* [PROBLEM DESCRIPTION]:
Output the data below exactly, images excluded.

Recorded data
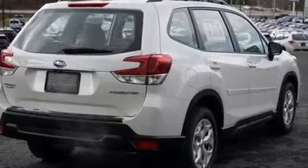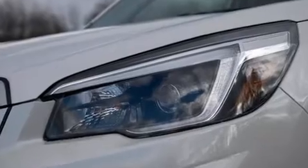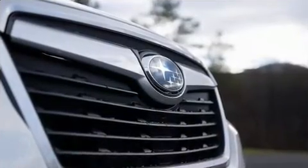It distinguishes itself from the competition with features such as variably intermittent wipers, remote keyless entry, a roof rack, and a split folding rear seat.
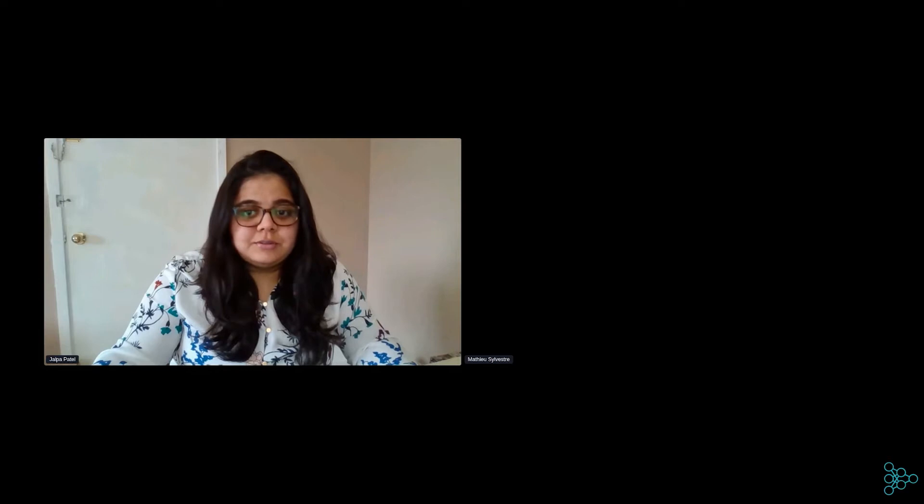Good morning, everyone. I hope you all are having a great time at the summit. I welcome you all to the session, using constraint programming to improve grocery picking efficiency at Loblaw. I am Jalpa, moderator for the session.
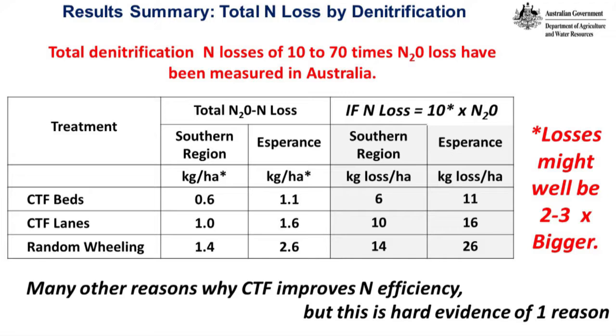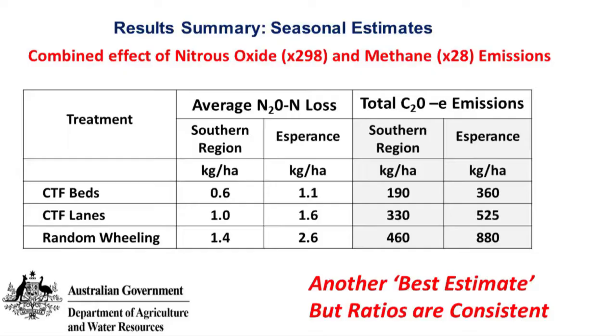In terms of kilograms of CO₂ equivalent — adding up the effects of the nitrous oxide and the methane — we're looking at 190 kg/ha from a bed and 460 kg/ha from a random wheeling as the southern region average. That means a useful effect in terms of overall emissions if you put it over enough hectares.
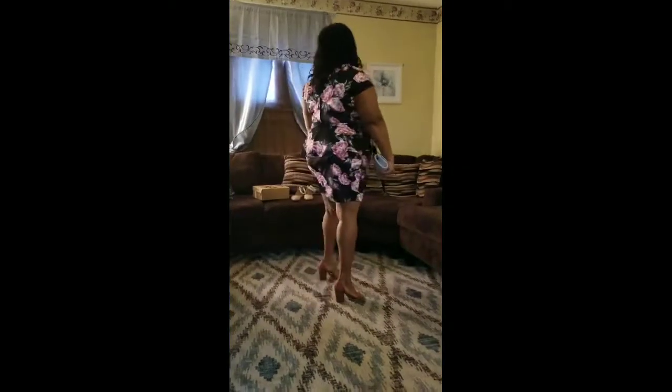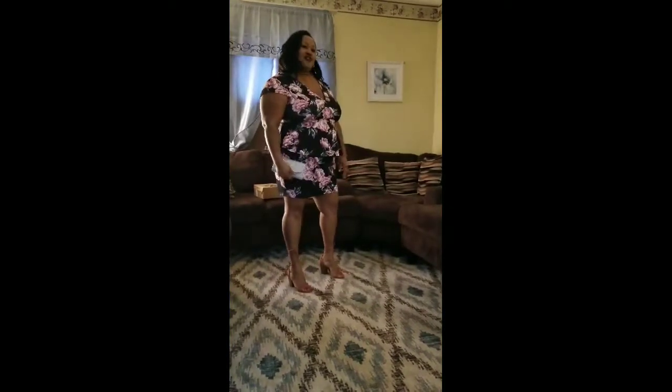The last outfit hits all of the pointers for me — it's figure-flattering, comfortable, super sexy, and super cute. It's just everything. I give it two thumbs up and a snap. Here it is — side view, back view, side view, and the front. This is a date night, club night, whatever night outfit.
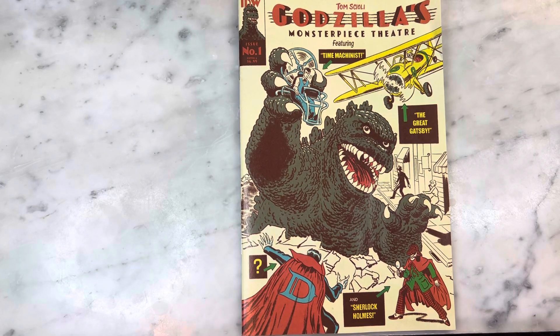Hey guys, how's it going? Michael Troy here. Today we're looking at Tom Scioli's Godzilla's Monster Piece Theater, issue one from IDW. Check out this freaking amazing cover. So much fun. Can't wait to share it with you guys. Subscribe to my channel if you haven't already, hit that like button and let's get right into it.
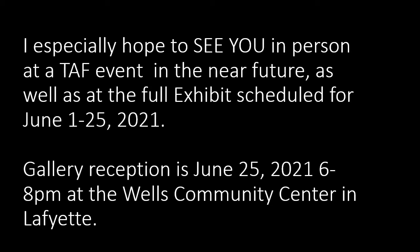I especially hope to see you in person at the next TAF event as things open up. For the full exhibit gallery reception information and to check out the great work of Tippecanoe Arts Federation — since scheduling my show I've become a proud board member of TAF and a proud supporter of everything TAF is doing to enrich our community — check all that out below, and hope to see you soon. Thank you.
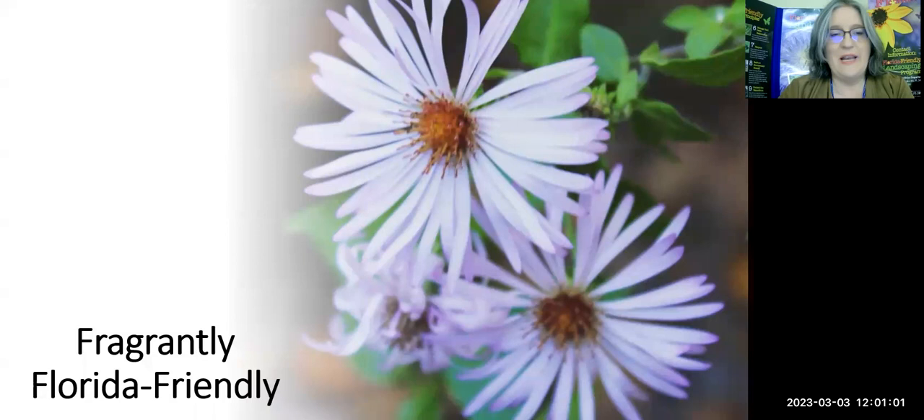Hello, everybody, and welcome to another Florida-Friendly Landscaping Educational Program. Today is one of our Friday Lunch and Learns, and we are going to talk today about Fragrantly Florida-Friendly — all those beautiful Florida plants that bring wonderful aromas to our yard. This was actually a suggestion we asked for from our listeners, from the people who attend the classes.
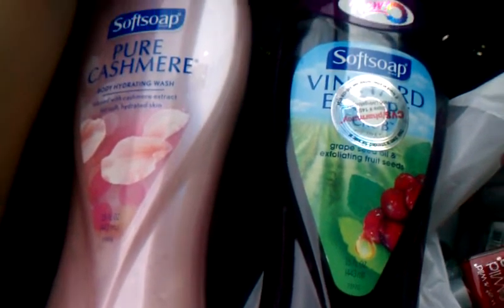They have the Soft Soap deals going on. The Soft Soaps are two for seven dollars — three fifty each — and then after you buy two you will get four dollars back in ECB, so they end up being a dollar fifty each. I don't have any Soft Soap coupons or I would really smash them with this because I love these two formulas of the Soft Soap.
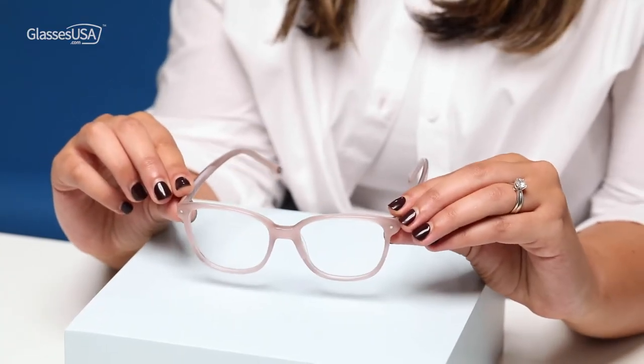These are a classic. The discrete cat eye, the pink acetate — for me, it's really a winning combo. And this is how they look on me.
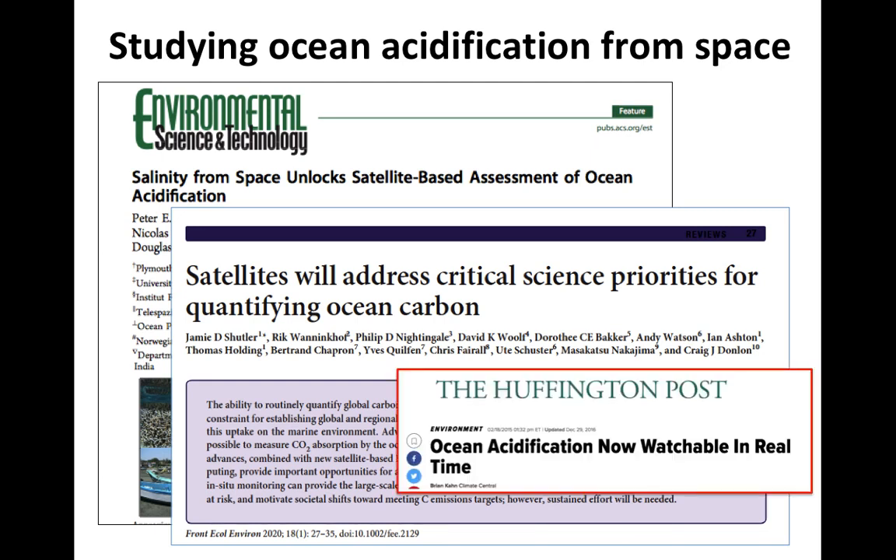Around the time of the first publication, when we identified the opportunity of using satellite salinity observations, we received quite a lot of press coverage. Here's an example headline: 'Ocean acidification now watchable in real time.' While the essence of that is correct — we can observe the carbonate system from space using satellites — we can't do it in real time, so the detail of that headline isn't quite right.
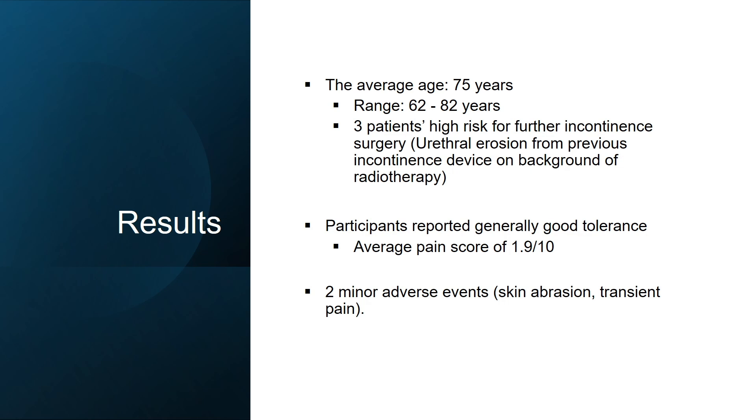Overall tolerance was very good, with an average pain score of only 1.9 out of 10. There were only two very minor adverse events: one was a skin abrasion where the cuff was applied too tight initially, and the other was transient pain which resolved once the patient started walking around.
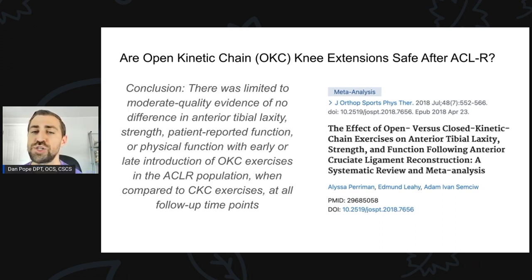If I incorporate open kinetic chain knee extensions, is that going to change the amount of laxity in the ACL? Is that going to change the amount of strength or function after surgery? Their conclusion was: there was limited to moderate quality evidence of no difference in anterior tibial laxity, strength, patient-reported function, or physical function with early or late introduction of open kinetic chain exercises in the ACL reconstruction population when compared to closed kinetic chain exercises at all follow-up time points.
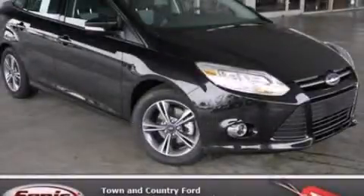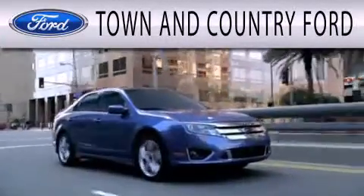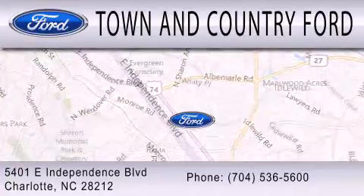We invite you to contact us today to learn more about this vehicle. Town & Country Ford is dedicated to doing everything possible to ensure that the experience you have selecting your next vehicle is as pleasant as possible. We are located at 5401 East Independence Boulevard in Charlotte.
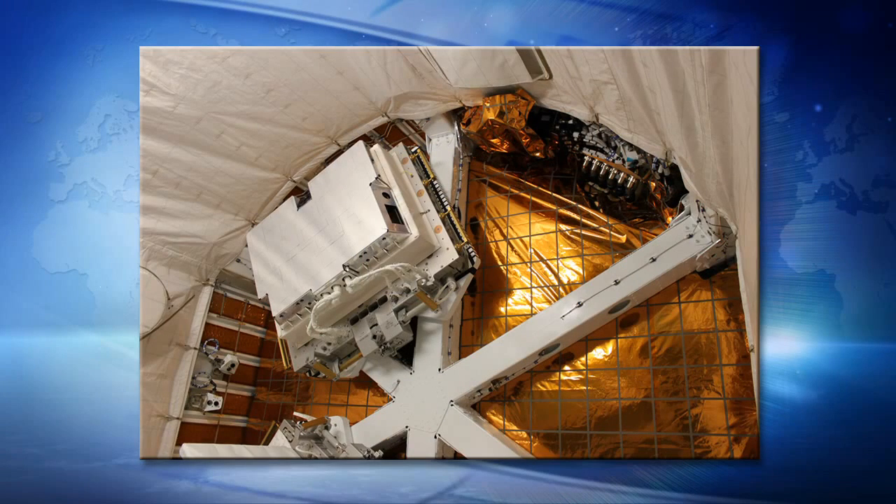It's been exciting to be integrated with them as they've gone through those challenges. This is a picture of us integrated in the SpaceX trunk. That's our enclosure, and you can see several pockets on either side where the cameras peek out through the windows.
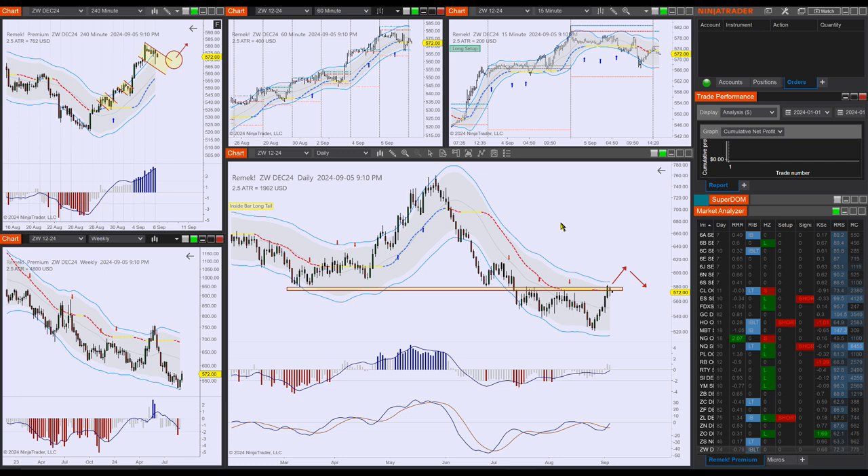Remember: at 8:30 there's important news which will probably become a catalyst. Remember what catalyst means for us — it's just an excuse for the market to do something big. We don't know what will happen, so manage your risk. 8:30 Eastern Time is where you have to be careful. That's it — we'll be back in the morning. Until then, mindful trading.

* [RESPONSE BELOW]:
It distinguishes itself from the competition with features such as variably intermittent wipers, remote keyless entry, a roof rack, and a split folding rear seat.
Good morning, everyone. I hope you all are having a great time at the summit. I welcome you all to the session, using constraint programming to improve grocery picking efficiency at Loblaw. I am Jalpa, moderator for the session.
In terms of kilograms of CO₂ equivalent — adding up the effects of the nitrous oxide and the methane — we're looking at 190 kg/ha from a bed and 460 kg/ha from a random wheeling as the southern region average. That means a useful effect in terms of overall emissions if you put it over enough hectares.
The last outfit hits all of the pointers for me — it's figure-flattering, comfortable, super sexy, and super cute. It's just everything. I give it two thumbs up and a snap. Here it is — side view, back view, side view, and the front. This is a date night, club night, whatever night outfit.
Hey guys, how's it going? Michael Troy here. Today we're looking at Tom Scioli's Godzilla's Monster Piece Theater, issue one from IDW. Check out this freaking amazing cover. So much fun. Can't wait to share it with you guys. Subscribe to my channel if you haven't already, hit that like button and let's get right into it.
I especially hope to see you in person at the next TAF event as things open up. For the full exhibit gallery reception information and to check out the great work of Tippecanoe Arts Federation — since scheduling my show I've become a proud board member of TAF and a proud supporter of everything TAF is doing to enrich our community — check all that out below, and hope to see you soon. Thank you.
Hello, everybody, and welcome to another Florida-Friendly Landscaping Educational Program. Today is one of our Friday Lunch and Learns, and we are going to talk today about Fragrantly Florida-Friendly — all those beautiful Florida plants that bring wonderful aromas to our yard. This was actually a suggestion we asked for from our listeners, from the people who attend the classes.
They have the Soft Soap deals going on. The Soft Soaps are two for seven dollars — three fifty each — and then after you buy two you will get four dollars back in ECB, so they end up being a dollar fifty each. I don't have any Soft Soap coupons or I would really smash them with this because I love these two formulas of the Soft Soap.
These are a classic. The discrete cat eye, the pink acetate — for me, it's really a winning combo. And this is how they look on me.
Around the time of the first publication, when we identified the opportunity of using satellite salinity observations, we received quite a lot of press coverage. Here's an example headline: 'Ocean acidification now watchable in real time.' While the essence of that is correct — we can observe the carbonate system from space using satellites — we can't do it in real time, so the detail of that headline isn't quite right.
Overall tolerance was very good, with an average pain score of only 1.9 out of 10. There were only two very minor adverse events: one was a skin abrasion where the cuff was applied too tight initially, and the other was transient pain which resolved once the patient started walking around.
If I incorporate open kinetic chain knee extensions, is that going to change the amount of laxity in the ACL? Is that going to change the amount of strength or function after surgery? Their conclusion was: there was limited to moderate quality evidence of no difference in anterior tibial laxity, strength, patient-reported function, or physical function with early or late introduction of open kinetic chain exercises in the ACL reconstruction population when compared to closed kinetic chain exercises at all follow-up time points.
We invite you to contact us today to learn more about this vehicle. Town & Country Ford is dedicated to doing everything possible to ensure that the experience you have selecting your next vehicle is as pleasant as possible. We are located at 5401 East Independence Boulevard in Charlotte.
It's been exciting to be integrated with them as they've gone through those challenges. This is a picture of us integrated in the SpaceX trunk. That's our enclosure, and you can see several pockets on either side where the cameras peek out through the windows.
Remember: at 8:30 there's important news which will probably become a catalyst. Remember what catalyst means for us — it's just an excuse for the market to do something big. We don't know what will happen, so manage your risk. 8:30 Eastern Time is where you have to be careful. That's it — we'll be back in the morning. Until then, mindful trading.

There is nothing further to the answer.